6 thoughts on “The Reluctant Lemming

  1. Leslie

    Ha! I think of myself as this very laid back person. But in reality, I’m very uptight. In order to be a better wife/mom/blah blah blah, I try to keep it all in my head. You should hear my head, it’s like a constant tornado (enter, Passive Aggressive Leslie) – being late drives me absolutely nuts. Nuts! My husband’s family, who I adore with every ounce of my being, is late for everything, all the time. I made up this little saying: “The NEW Generation Barkley’s won’t be late for things!” But… it’s really hard! It’s really, really, really hard with three kids to not be late! How do people always manage to be on time for things?

    I remember one time being really early for church – we were driving down the road and I was hoping for random traffic or someone who needed help with a tire, because I just KNEW that if we ended up at church too early, my poor harassed husband would be able to say, “See? We don’t have to leave so early!” Even though it was the only time we were ever early for church.

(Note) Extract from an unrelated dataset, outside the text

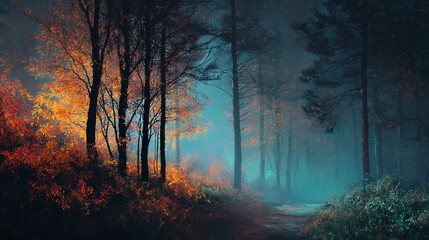 Beautiful autumn forest landscape wallpaper background with trees and fog scenic view desktop wallpaper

    I even lie about what time we need to be places, just to be sure we’ll be on time. Awful! Because truly, it is really, really hard to on time with children in tow! Even me, someone who’s obsessed with time, just can’t do it most of the time!

    And one more thing – if the swim practice is only 5 minutes away, it’s WAY easier to be late. Because we literally allot FIVE MINUTES. It’s terrible, we really think since it’s five minutes away, that it takes five minutes to get there. Let’s not forget wrangling up the little ones, the car seats, the “I forgotted froggy! I forgotted froggy!” screams, the making sure you really did buckle them in when you get in the driver’s seat because you can’t remember the last three minutes, then the actual driving (which is the part that takes five minutes), getting them out of the car, and of course, the end of your blog post says the rest: the hurry up, don’t run, etc…

    Being on time at this point in life is impossible. Love this post!

    Reply
  2. Leslie

    OH, duh… I always read the rest on HealthNews, not sure what I was thinking this time! I’m off to read the rest now :) (And I’m LATE to my other job… perfectly applicable!)

    Reply
  3. Ali

    This is too funny. I get so much more done when I am slammed with business planning long days, child in sports on the weekends, and intent on attending church on Sunday.

    But I also realize what I cannot handle, and DH brings home dinner those nights.

    Enter vacation… I had a whole week off, and still ended up doing 10 loads of laundry in the last 2 days of vacation…

    Reply
  4. heidi

    I am religiously early. My mom was and now I am. I can’t help myself, but I get what you’re saying about momentum. I really get that. I may be early to nearly everything, but if I don’t have plans or set goals for myself – big or small – I fall apart.
    Your writing just gets better and better. I mean, it’s always good. It just seems you’ve taken off with it lately and I can see more of your heart in it – if that makes sense.

    Reply
  5. DawnGes

    My Dad moved S-L-O-W-L-Y through life and I loved him for it. With his slow pace came an ability to listen well and savor conversations; he never gave the impression that he had better things to do. If he was missing we knew to look at the neighbor’s house where he’d be having a cup of coffee…:)

    Maybe some day you’ll hear your children talking about your take-it-slower pace as a gift to them. I’m thinking it’s a distinct possibility.

    A little momentum goes a long way.

    Reply
  6. Mama Mary

    After having kids I have become perpetually late. Even though my oldest is 5 I still haven’t realized that I ahve to build in the 15-20 minutes it takes to get shoes on 4 little feet, find their jackets and their stuffed animals, buckled them in their car seats, go back in for the three things I forgot, then get one out b/c she has to pee, and then finally go to that destination that is only 5 minutes away. One of these days I will learn. Until then, I’ll just continue to be late.